■ **Provided records**:
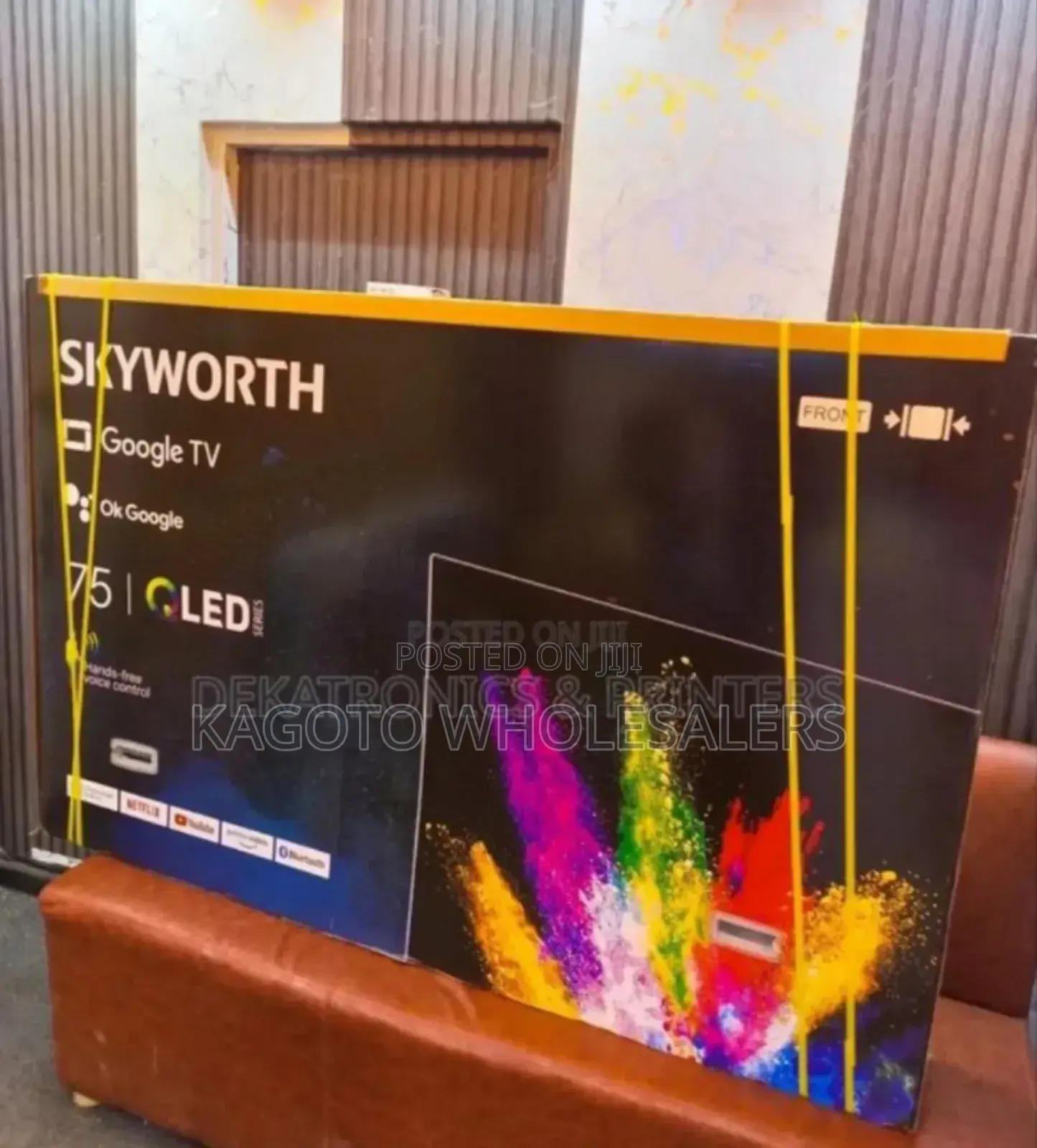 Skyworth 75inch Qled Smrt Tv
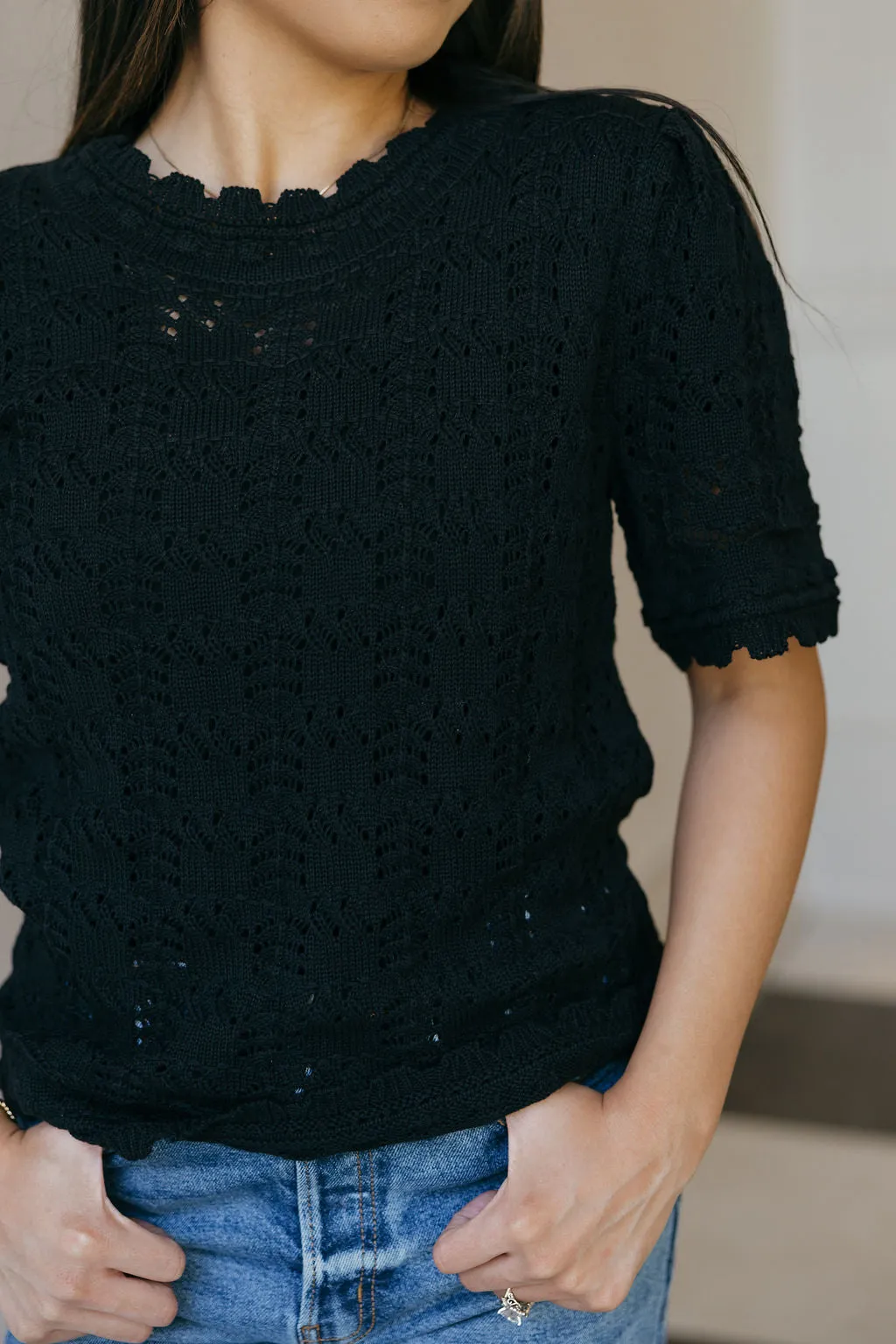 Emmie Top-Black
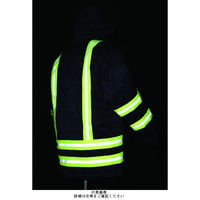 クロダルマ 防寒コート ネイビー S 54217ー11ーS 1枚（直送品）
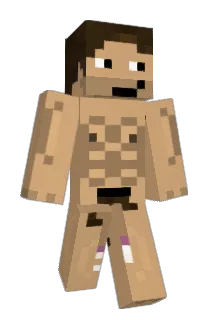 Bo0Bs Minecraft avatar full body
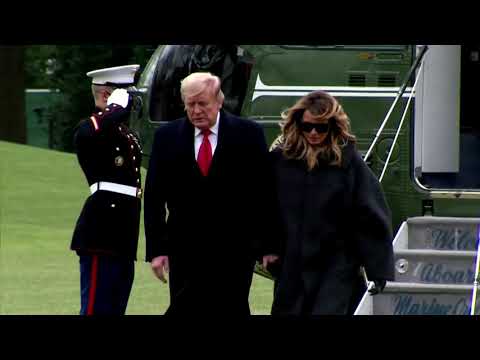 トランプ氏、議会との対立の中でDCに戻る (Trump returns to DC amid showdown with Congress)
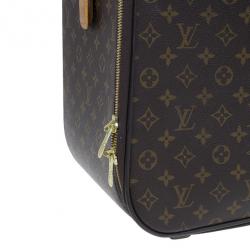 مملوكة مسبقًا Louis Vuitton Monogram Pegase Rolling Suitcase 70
--
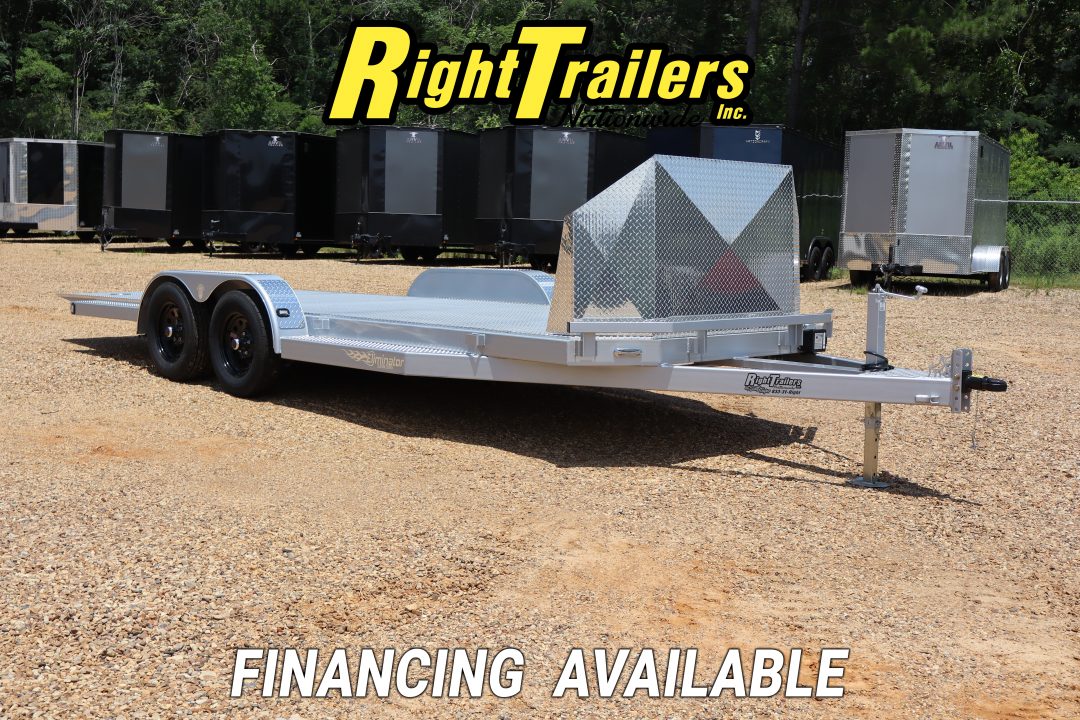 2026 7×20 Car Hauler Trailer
---
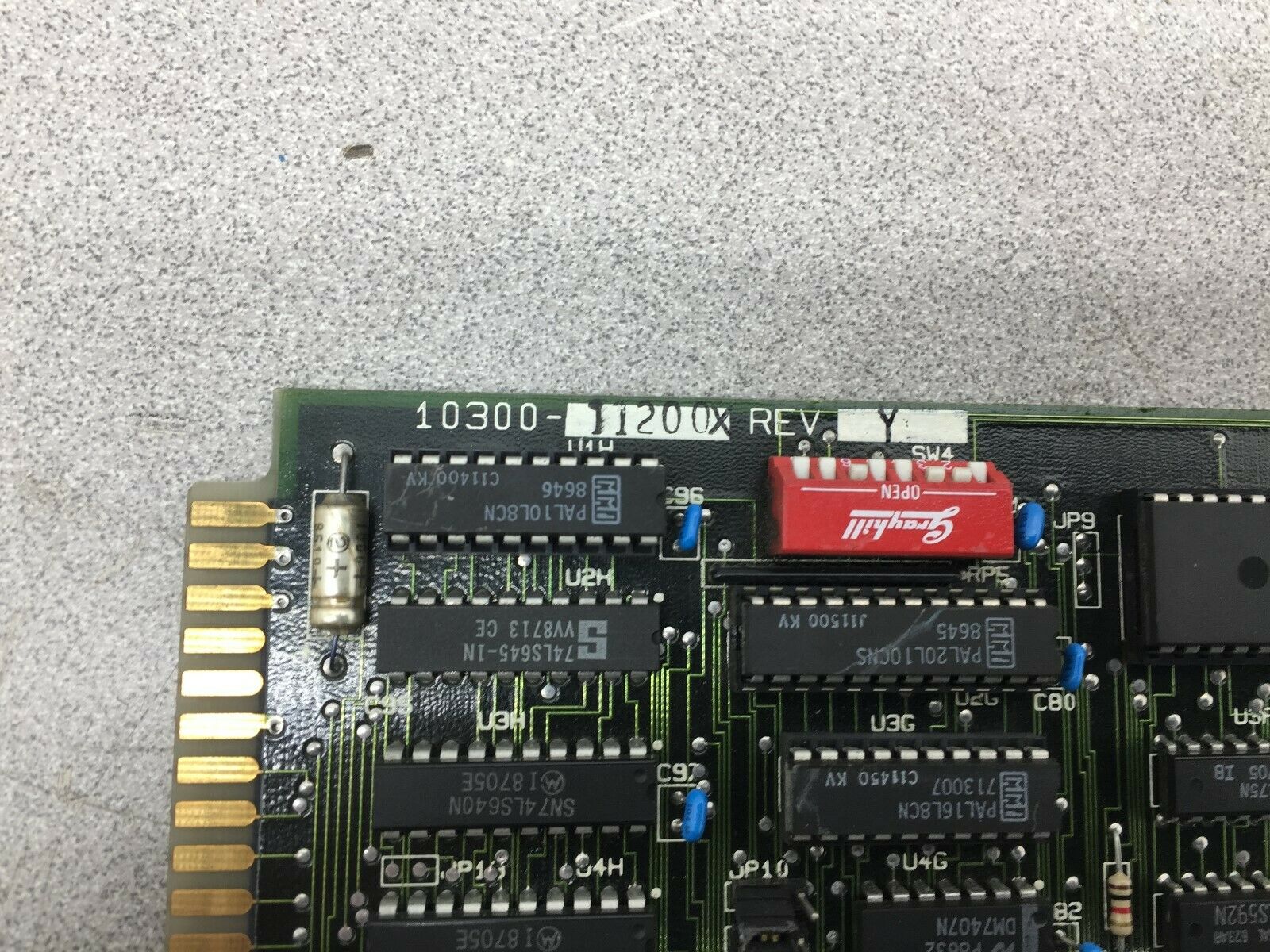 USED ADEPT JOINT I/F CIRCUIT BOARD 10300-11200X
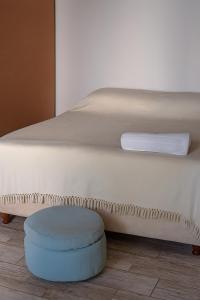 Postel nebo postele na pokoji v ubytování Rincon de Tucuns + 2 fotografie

■ **Work to be completed**: Print, word for word, the lines above that run from the line containing "Bo0Bs Minecraft avatar full body" to the line containing "مملوكة مسبقًا Louis", both included. Keep the pictures out.

■ **Answer to this exercise**:
 Bo0Bs Minecraft avatar full body
 トランプ氏、議会との対立の中でDCに戻る (Trump returns to DC amid showdown with Congress)
 مملوكة مسبقًا Louis Vuitton Monogram Pegase Rolling Suitcase 70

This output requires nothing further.